Authorities in Athens dismantled a criminal organization extorting business owners in the city’s center to avoid administrative fines and inspections.
Police have arrested 14 people, including nine public officials and members of the municipality police.
The suspects face multiple charges, including forming a criminal organization, extortion, and bribery.
It is estimated that the gang operated since January 2023, and it annual profits exceeded 700,000 euros.
They primarily extorted hotels and restaurants but also kiosk in Athens by offering protection to avoid administrative fines, conducting targeted inspections and then blackmailing businesses to prevent future inspections or fines.
According to Police, the members of the organization received sums of money ranging from 6,000 to 16,000 euros per year from shops of health interest (restaurants etc), 1,500 per year from kiosks, while cases were also identified where they received fees from 1,000 to 35,000 euros for an illegal action or failure.

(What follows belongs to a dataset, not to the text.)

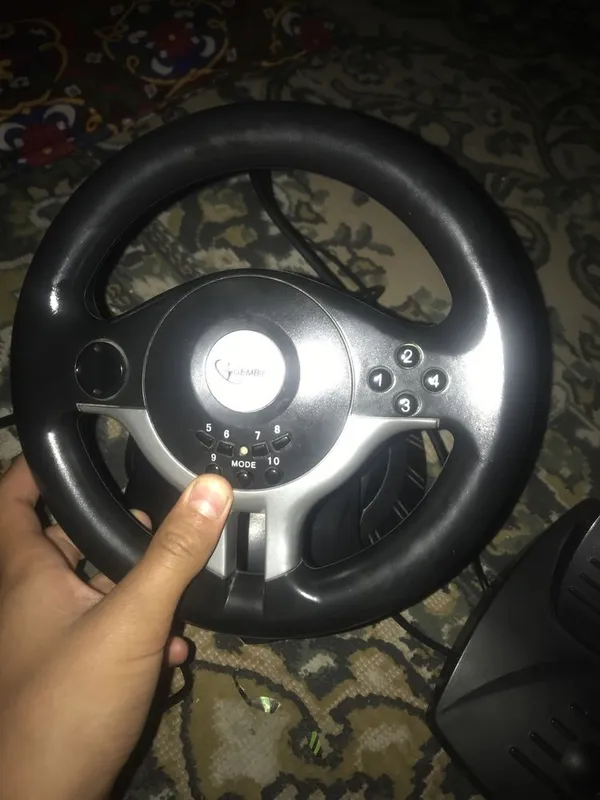 Rul va pedal eng arzon narxda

Screening the suspects mobile phones, police reportedly found also one by a businessman who complained that he had paid to the gang 12,000 euros this year and 16,000 the previous year, yet he was fined by authorities. “Is this the protection we get by paying so much money?” he wrote in a sms.

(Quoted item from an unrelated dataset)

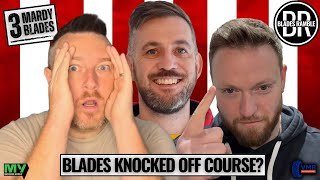 ⚔️ 3 MARDY BLADES | UNITED KNOCKED OFF COURSE? ⚔️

Members of the organization included a head of a municipal authority and employees from other public services in the Attica region.
The blackmailing ring was uncovered after authorities investigated a complaint about a private individual, a 43-year-old woman who is allegedly also the leader of the gang, collaborating with municipal employees to extort business owners.

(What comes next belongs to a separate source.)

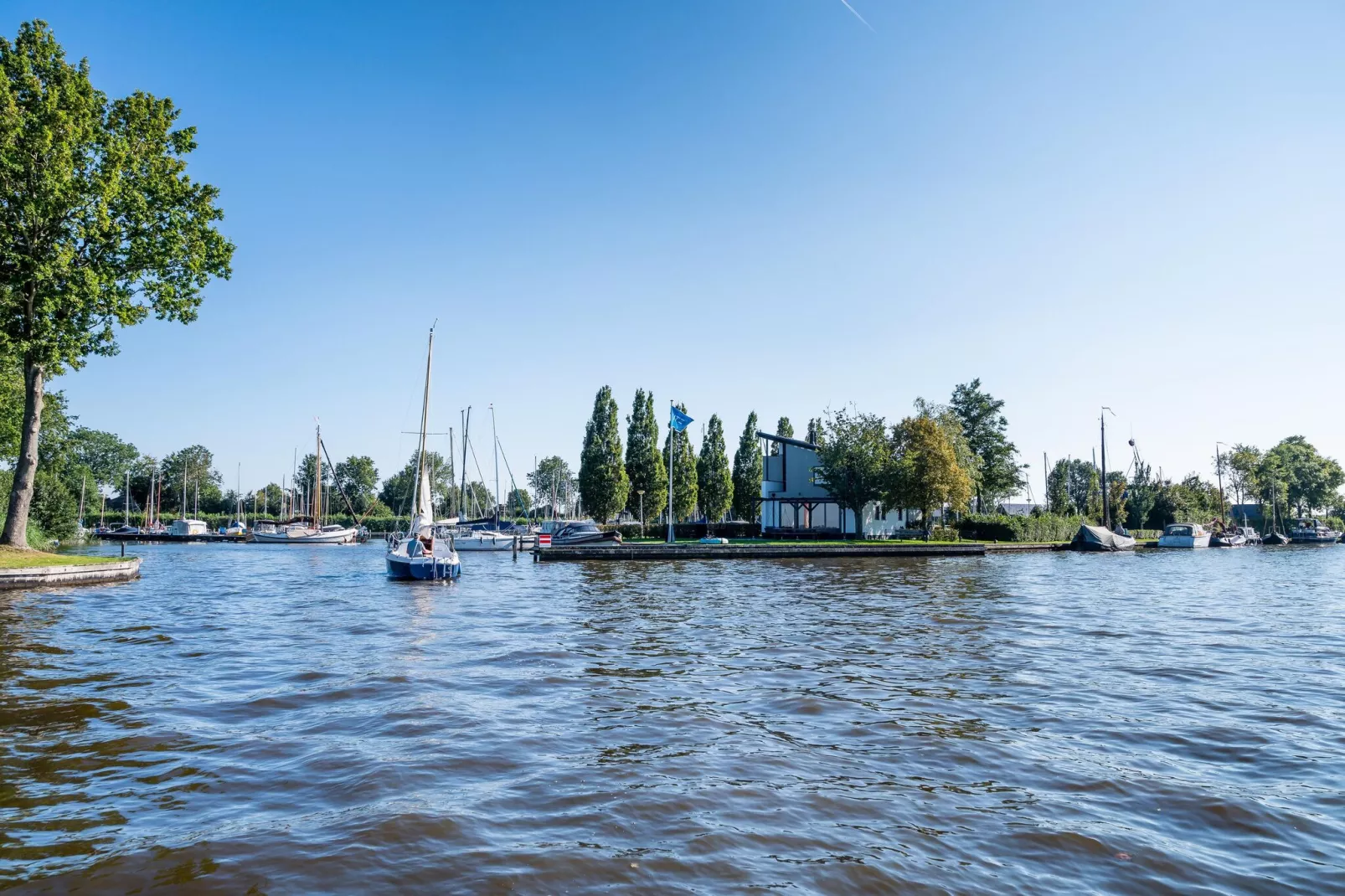 Watervilla Fjirtjin-Gebieden zomer 1km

Athens Municipal Authority announced that all involved employees are immediately suspended.
I know it’s not possible, but their names should be published by the press.
This kind of act is shameful to the current government. I have the impression that these parasites, who most certainly were appointed not on merit but on party basis, believe that they are untouchable. Life in prison for them.
I wonder how much of this goes on in Athens… I bet it is more common than people think.